Pop-Break Live: Styx and Yes

brent johnson visits the PNC Bank Arts Center in Holmdel, N.J., to take in the classic rock of Styx and Yes …

The rotating silver keyboard sat on a round silver platform.

It was impossible to ignore as Styx stood on stage last night at the PNC Bank Arts Center in Holmdel, N.J. Sometimes, keyboardist Lawrence Gowan spun the chrome-colored instrument like a roulette wheel in between riffs. Other times, he simply turned away from the keys — and played them behind his back.

In other words, it was all the subtlety you’d expect from a prog-rock concert.

The show was the second stop on Styx’s summer tour with Yes — a bill that would likely sell out stadiums were it 1978. These days, both bands are missing key original members.
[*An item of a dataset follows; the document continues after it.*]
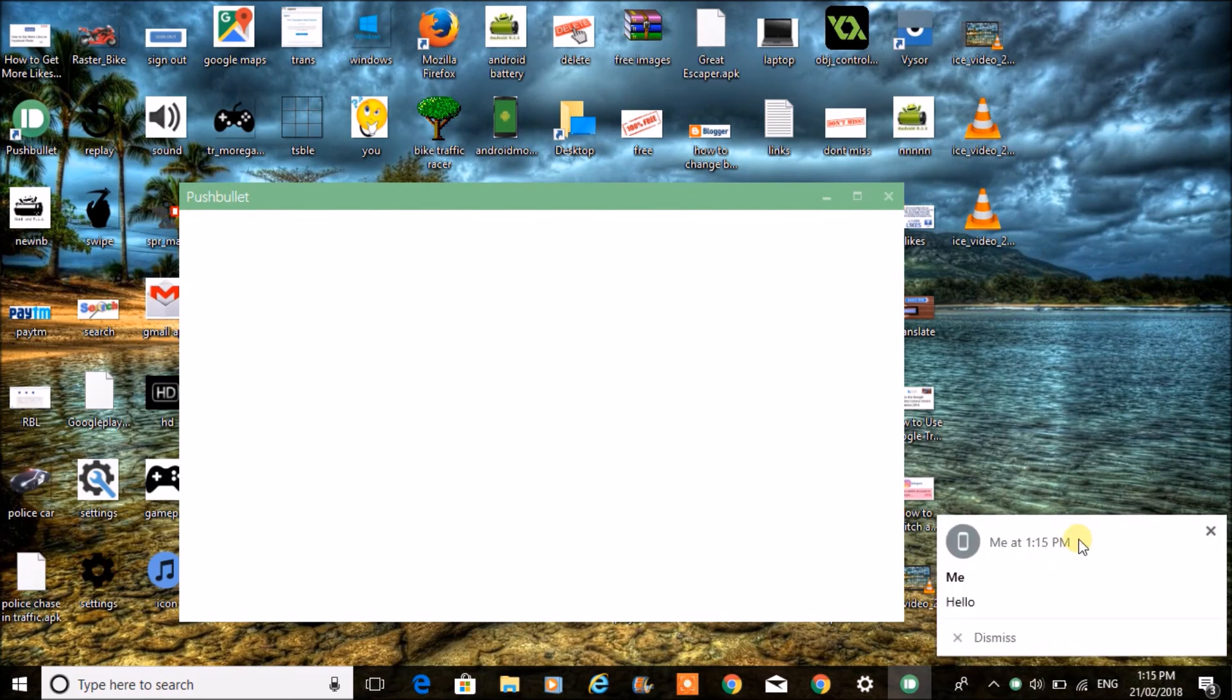See here, this is how you will get notified. Whatever notification you get on your Android mobile, you will get notified here.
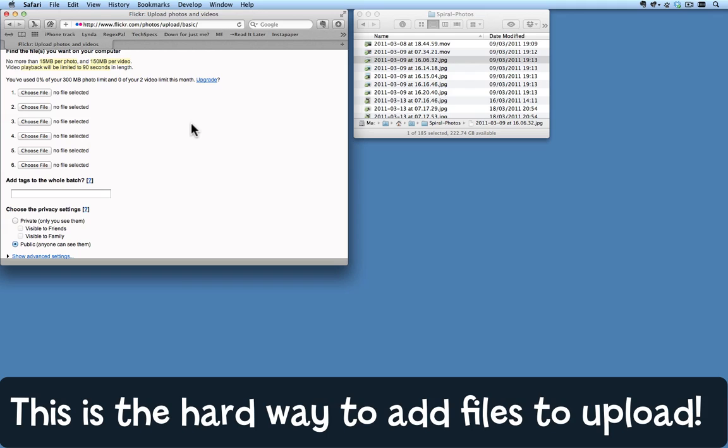Here I am on a page where I want to upload some files. This is a fairly typical thing, perhaps for an email attachment or uploading photos to Flickr or Facebook or something like that. Here I am on Flickr.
Gowan replaced Dennis DeYoung — Styx’s main musical force — more than a decade ago. Benoit David, the singer in a Yes tribute band, took over for Yes frontman Jon Anderson in 2008.

Still, the mostly middle-aged crowd didn’t seem to mind last night. They got to see longtime Styx guitarists Tommy Shaw and James ‘J.Y.’ Young trade solos. They got to hear founding Yes members Steve Howe, Chris Squire and Alan White make jazz-rock sound ambient. They got to sing along with hits they’ve heard dozens of times on turntables and FM radio. And all of that is why ’70s and ’80s superstars, now graying and no longer chart-toppers, continue to rake in money at concert halls around the world. It’s the musical equivalent of family photo albums. Nostalgia is comforting.
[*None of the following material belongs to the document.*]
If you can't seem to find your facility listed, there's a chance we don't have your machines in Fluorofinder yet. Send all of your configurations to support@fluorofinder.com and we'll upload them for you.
It can be unexpectedly entertaining, too. Prog and stadium rock — the genres Styx and Yes peddled in the ’70s — were never hip. They often made critics wince. And songs like ‘Lady’ and ‘Come Sail Away’? Yeah, they’re pretty cheesy.

But Styx clearly doesn’t care — and there’s a charm in that. Gowan pranced around like a knight at Medieval Times, waving his microphone like a sword. Shaw bent down on one knee at the edge of the stage as he relished one of his guitar solos. Fireworks burst on the video screen behind them. As the band welcomed founding bassist Chuck Panazzo on stage to guest on the final few songs, the crowd erupted. There’s a joy in such excess. Maybe bands like Creed and Nickelback wouldn’t seem so pretentious with a spinning silver keyboard.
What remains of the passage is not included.